SEBI Consultation Paper: Enhancing Regulatory Oversight of ESG Rating Providers (ERPs)
February 20, 2025
SEBI Consultation Paper: Enhancing Regulatory Oversight of ESG Rating Providers (ERPs) - MMJC
The Securities and Exchange Board of India (SEBI) has disseminated a consultation paper dated February 13, 2025, delineating proposed regulatory augmentations for ESG Rating Providers (ERPs)[1]. The draft circular, encapsulated in Annexure A, articulates pivotal modifications designed to fortify the operational integrity, transparency, and methodological robustness of ERPs.
Rationale for SEBI’s Consultation Initiative
ESG ratings constitute an integral component of contemporary investment strategies, providing critical insights into an entity’s environmental, social, and governance (ESG) performance.
SEBI has received substantive representations from ERPs seeking elucidation regarding the extant regulatory framework articulated in the Master Circular issued on May 16, 2024.
The proposed refinements aim to harmonize disclosure practices, reinforce governance mechanisms, and ensure procedural consistency in ESG rating methodologies.
Salient Features of the Proposed Regulatory Framework:
1. Parameters Governing ESG Rating Withdrawal
ERPs adopting the Subscriber-Pays model may execute rating withdrawals solely in the absence of active subscriptions at the time of withdrawal.
ERPs adhering to the Issuer-Pays model must satisfy the following stipulations:
In the context of securities: The rating must have been assigned continuously for a minimum of three years or 50% of the security’s tenure, whichever is greater, and must obtain a No-Objection Certificate (NOC) from 75% of bondholders by value.
For corporate issuers: Ratings can only be withdrawn after a sustained three-year period of assessment.
2. Disclosure Obligations for ESG Rating Rationales
ERPs operating under a Subscriber-Pays framework may restrict access to detailed rating rationales exclusively to their subscribers rather than making them publicly accessible.
Notwithstanding, all ERPs are mandated to disclose fundamental rating attributes, including issuer identity, sector classification, ESG rating assignment, and rating issuance date, on publicly available platforms.
Stock exchanges shall be required to host a dedicated repository of ESG ratings on their websites, segmented for both corporate issuers and debt instruments.
3. Internal Auditory Compliance for ERPs
ERPs must conduct periodic internal audits to uphold regulatory adherence and operational veracity.

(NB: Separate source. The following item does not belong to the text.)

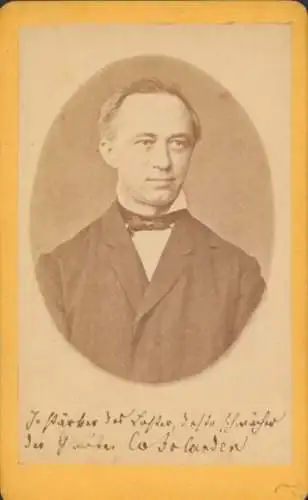 CdV Schriftsteller Joseph Eduard Konrad Bischoff, Conrad von Bolanden, Portrait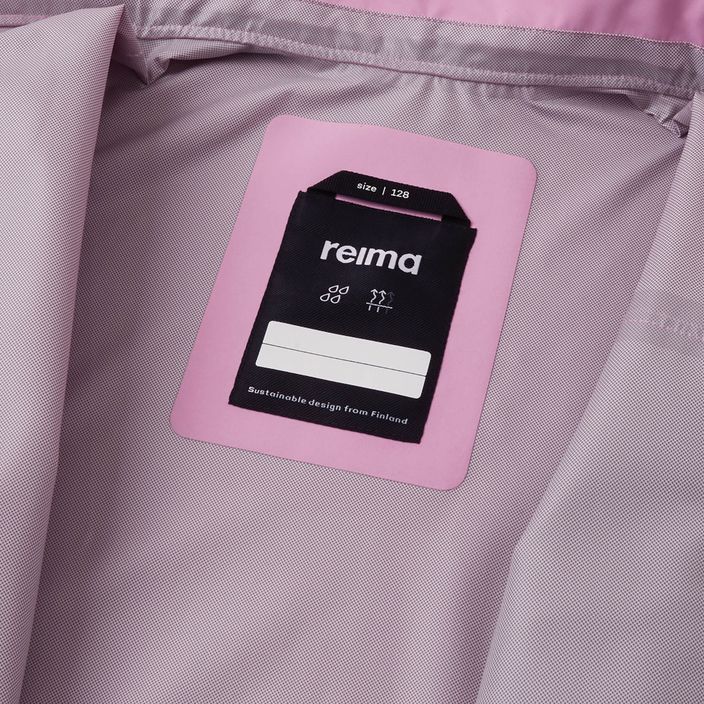 Reima Kuhmo παιδικό μπουφάν βροχής ροζ 5100164A-4240 9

Category-II ERPs (typically emergent or smaller-scale entities) are accorded a two-year deferment before mandatory compliance with internal audit requirements.
4. Governance and Oversight Enhancements for ERPs
ERPs are required to institute an ESG Ratings Sub-Committee and a Nomination and Remuneration Committee (NRC) to ensure stringent governance protocols.
Category-II ERPs are provisionally exempted for a two-year moratorium before compliance with these governance structures becomes obligatory.
In the interim, governance responsibilities typically assigned to these committees shall be overseen by the ERP’s board of directors.
Regulatory Implementation and Stakeholder Engagement
The proposed circular shall be operationalized immediately upon finalization.
SEBI has solicited public commentary regarding the proposed amendments.
Stakeholders must submit their responses no later than March 6, 2025, via SEBI’s online consultation portal.
Conclusion
SEBI’s regulatory enhancements seek to elevate the credibility, transparency, and analytical rigor of ESG rating mechanisms. The proposed amendments endeavour to streamline the procedural efficacy of rating withdrawals, refine disclosure mandates, and instil robust governance standards within the ERP ecosystem. Given the escalating prominence of ESG considerations in investment paradigms, these regulatory refinements are poised to align India’s ESG rating framework with globally acknowledged best practices.